Segment Start: Data supplied

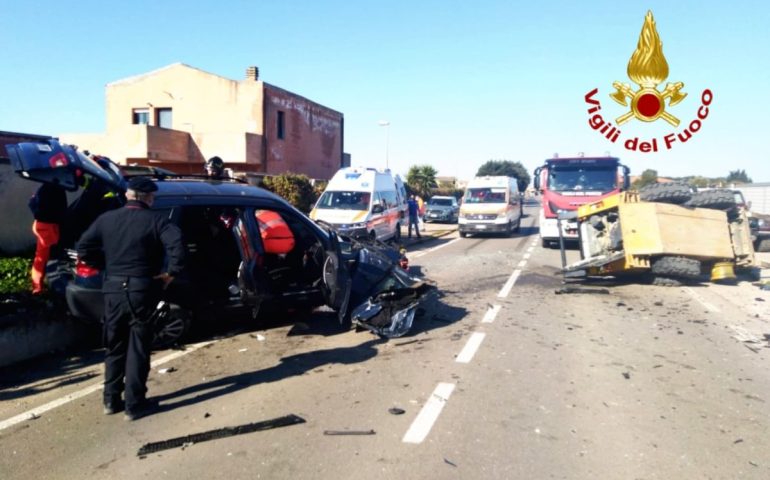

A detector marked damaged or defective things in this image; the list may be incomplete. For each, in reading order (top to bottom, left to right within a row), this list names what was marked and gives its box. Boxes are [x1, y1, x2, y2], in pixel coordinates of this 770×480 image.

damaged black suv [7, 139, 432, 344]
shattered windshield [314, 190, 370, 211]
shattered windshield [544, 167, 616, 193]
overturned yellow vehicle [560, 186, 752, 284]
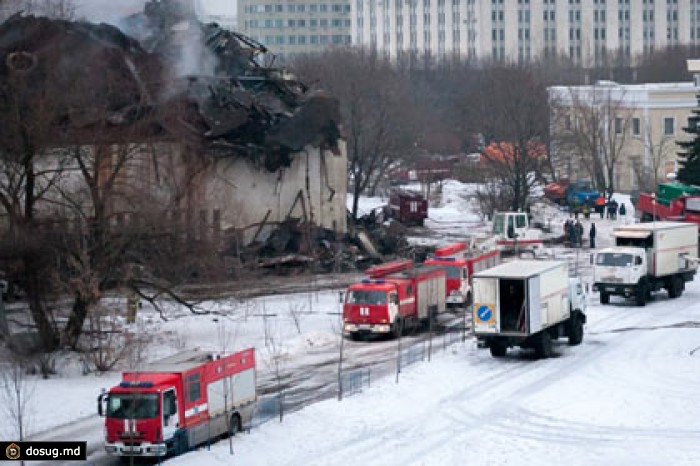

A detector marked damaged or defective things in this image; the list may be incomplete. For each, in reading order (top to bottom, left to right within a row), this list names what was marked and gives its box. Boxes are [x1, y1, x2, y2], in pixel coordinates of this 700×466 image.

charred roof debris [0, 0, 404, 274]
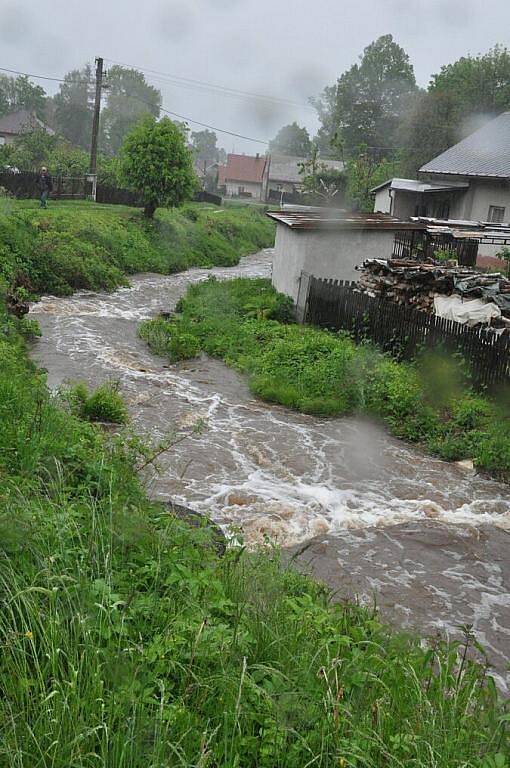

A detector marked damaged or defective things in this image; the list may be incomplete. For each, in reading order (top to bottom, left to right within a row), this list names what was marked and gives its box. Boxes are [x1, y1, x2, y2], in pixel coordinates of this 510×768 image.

Segment End: Data supplied
Segment Start: Data supplied

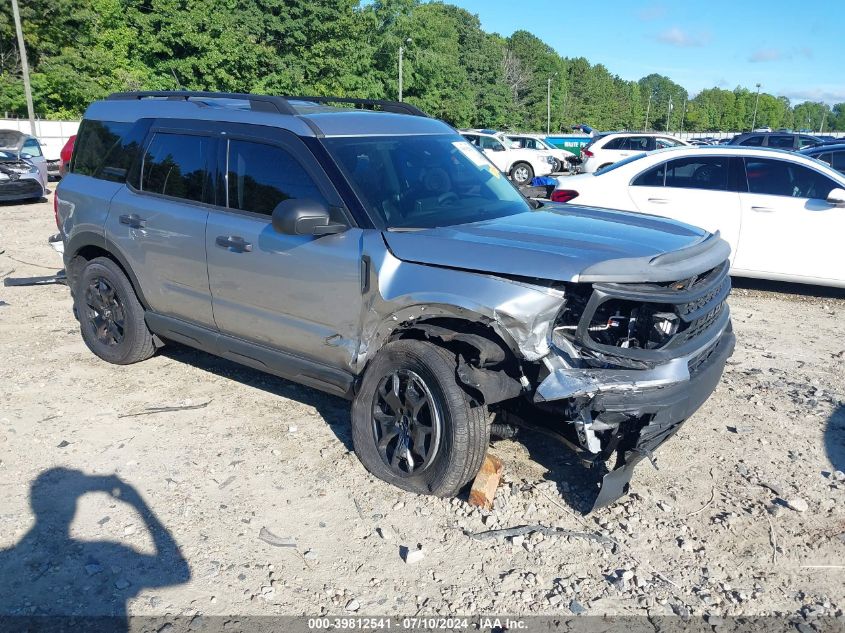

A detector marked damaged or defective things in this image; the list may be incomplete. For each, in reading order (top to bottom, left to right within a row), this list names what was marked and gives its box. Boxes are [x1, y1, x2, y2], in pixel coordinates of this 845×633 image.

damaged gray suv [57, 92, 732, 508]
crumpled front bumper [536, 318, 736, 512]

Segment End: Data supplied

[Task requirements]: Give back exactly the lines above that run from the one with "this 700×466 image." to the one with "this 510×768 image.", including both, with the pictures left out.

[Your solution]:
A detector marked damaged or defective things in this image; the list may be incomplete. For each, in reading order (top to bottom, left to right within a row), this list names what was marked and gives its box. Boxes are [x1, y1, x2, y2], in pixel coordinates of this 700×466 image.

charred roof debris [0, 0, 404, 274]

A detector marked damaged or defective things in this image; the list may be incomplete. For each, in reading order (top to bottom, left to right within a row), this list names what was marked and gives its box. Boxes are [x1, y1, x2, y2], in pixel coordinates of this 510×768 image.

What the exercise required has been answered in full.